Extended Data Figure 3.

Related to Figure 2

a, qRT-PCR analysis of MAD2L2 expression levels in U2OS cells infected with control or MAD2L2 shRNAs, and used in the repair assays shown in Fig. 2d (Error bars: s.d.). b, c, qRT-PCR analysis of RAD51 (b) and MAD2L2 (c) expression levels in RAD51-depleted, E6E7-expressing U2OS cells used in the assays shown in Fig. 2e (Error bars: s.d.). d, Clonogenic survival assays of U2OS cells transduced with non-targeting control or 53BP1, RIF1 or MAD2L2 shRNAs and treated with the indicated doses of IR (n=3-4, ± s.e.m.). e, Western blot analysis of 53BP1, MAD2L2 and RIF1 in U2OS cells transduced with the indicated shRNAs. f, CSR in shRNA-transduced primary B cells (n=2, ± s.d.). g, Western blot analysis of MAD2L2 and 53BP1 in CH12F3-2 B cells and mouse primary B cells transduced with the indicated shRNAs. h, MAD2L2 depletion does not affect cellular proliferation in murine B cells.
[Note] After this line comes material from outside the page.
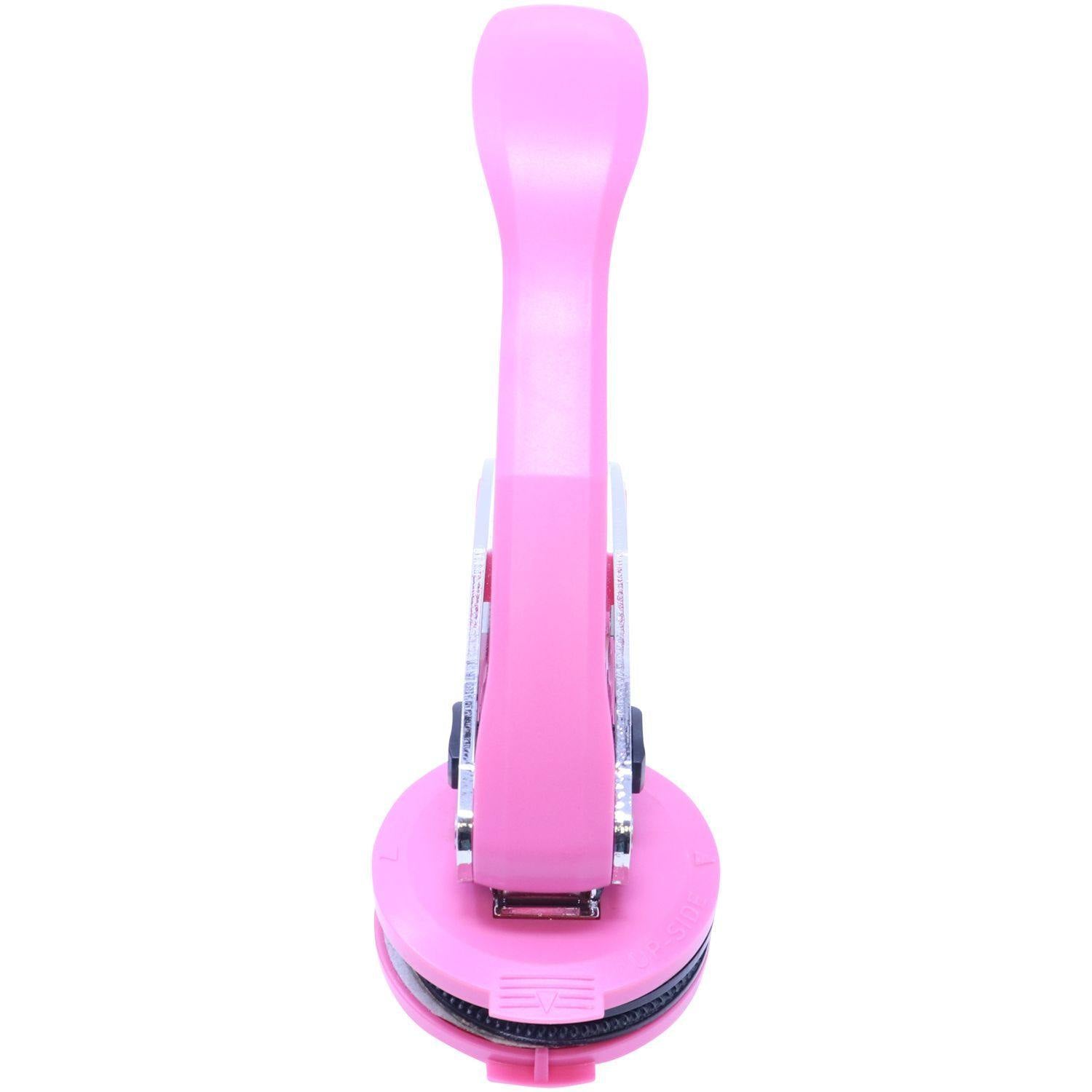 Landscape Architect Pink Hybrid Handheld Embosser with a round clip, shown in an open position, featuring a sleek pink design.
CH12F3-2 cells transduced with control, 53bp1 or Mad2l2 shRNAs were loaded with CFSE and analysed at 0, 24 and 48 h post-stimulation by flow-cytometry. Profiles from all time points are plotted in the same histogram. i, MAD2L2 depletion does not affect the transcription of critical genes implicated in CSR. RT-PCR analysis of AID (Aicda) mRNA, IgM (GLT IgM) and IgA (GLT IgA) germline transcript levels using 2-fold serial dilutions of cDNA made from activated CH12F3-2 B cells transduced with the indicated shRNAs. Gapdh was used as a control for transcript expression.